▶ [PROBLEM TO SOLVE]: Please copy out the entries below exactly, beginning with the line that contains "Sam Kerr receives treatement on the pitch." and ending with the line that contains "Minimalist dachshund sculpture", and include nothing outside that span.

(Dataset records)
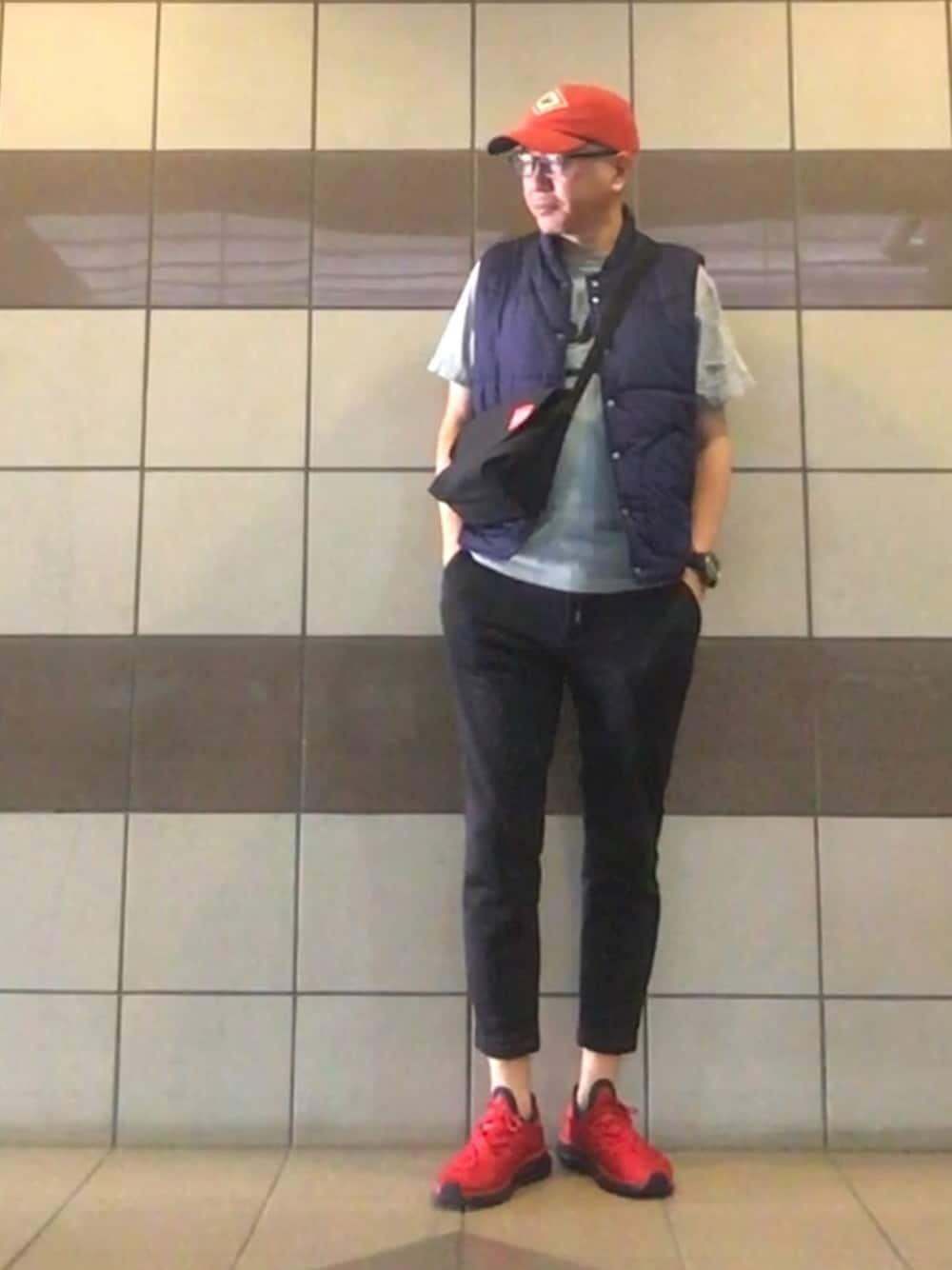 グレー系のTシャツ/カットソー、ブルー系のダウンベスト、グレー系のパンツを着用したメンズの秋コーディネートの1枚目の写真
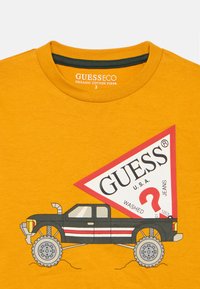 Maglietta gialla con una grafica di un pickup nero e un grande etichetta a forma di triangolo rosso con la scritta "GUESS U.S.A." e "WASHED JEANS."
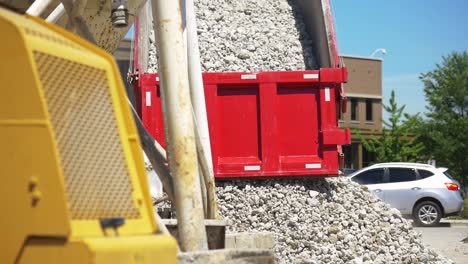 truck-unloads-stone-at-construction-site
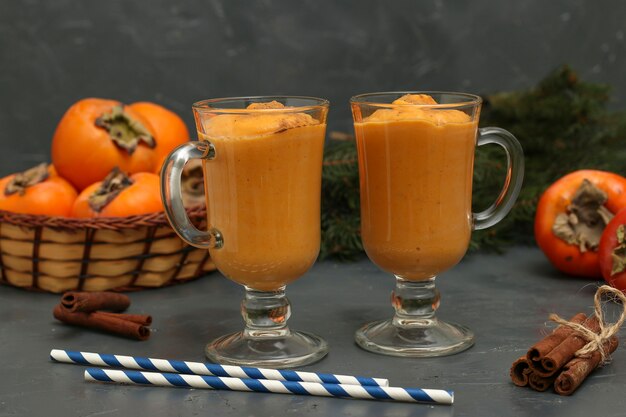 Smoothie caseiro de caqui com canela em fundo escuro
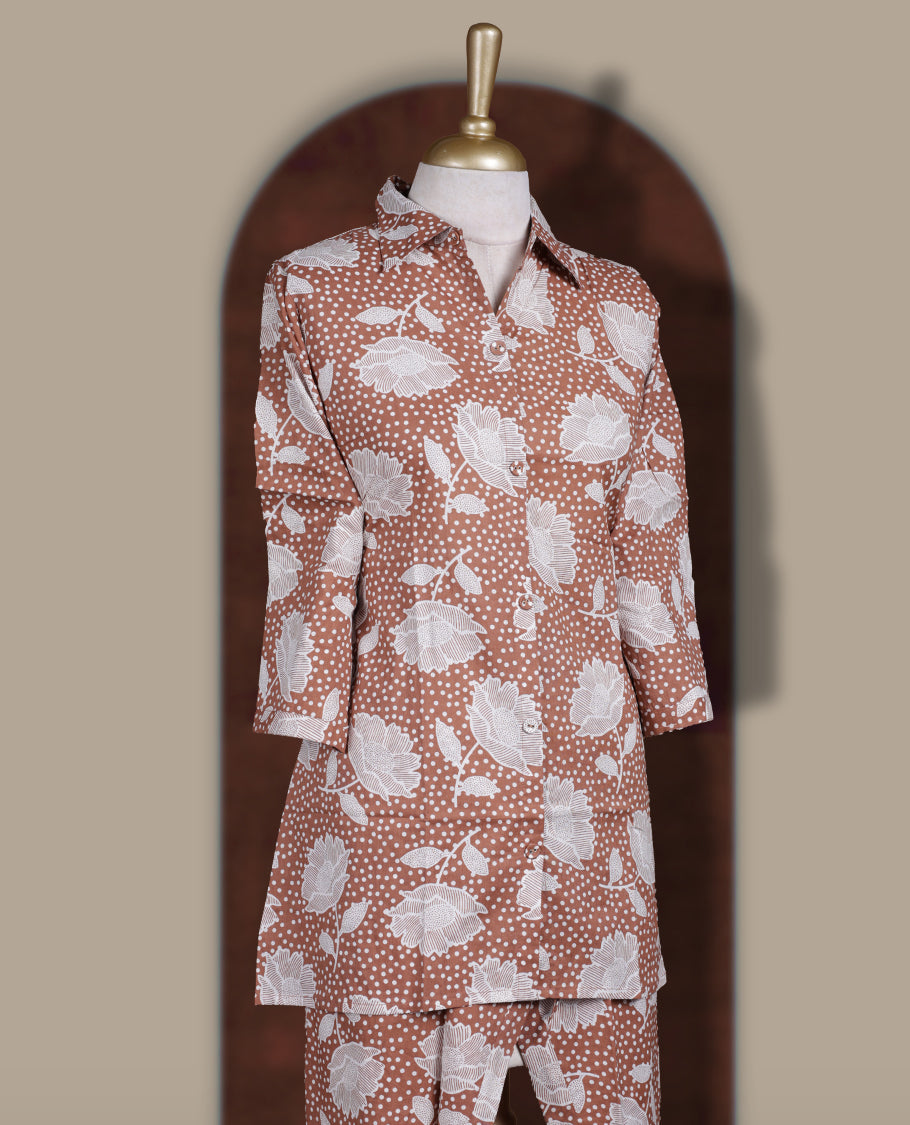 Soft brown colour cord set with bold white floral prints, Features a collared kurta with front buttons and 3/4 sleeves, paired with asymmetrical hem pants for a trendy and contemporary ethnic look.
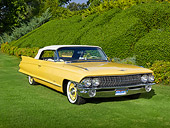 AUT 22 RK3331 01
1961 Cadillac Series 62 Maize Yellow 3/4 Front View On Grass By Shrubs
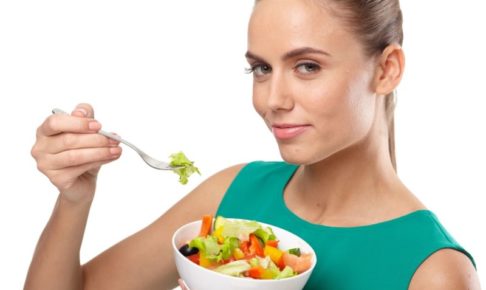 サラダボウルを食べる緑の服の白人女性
--
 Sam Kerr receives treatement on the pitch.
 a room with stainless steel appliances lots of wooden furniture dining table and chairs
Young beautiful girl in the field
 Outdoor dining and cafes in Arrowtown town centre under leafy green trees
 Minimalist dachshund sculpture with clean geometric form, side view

▶ [TASK RESPONSE]:
 Sam Kerr receives treatement on the pitch.
 a room with stainless steel appliances lots of wooden furniture dining table and chairs
Young beautiful girl in the field
 Outdoor dining and cafes in Arrowtown town centre under leafy green trees
 Minimalist dachshund sculpture with clean geometric form, side view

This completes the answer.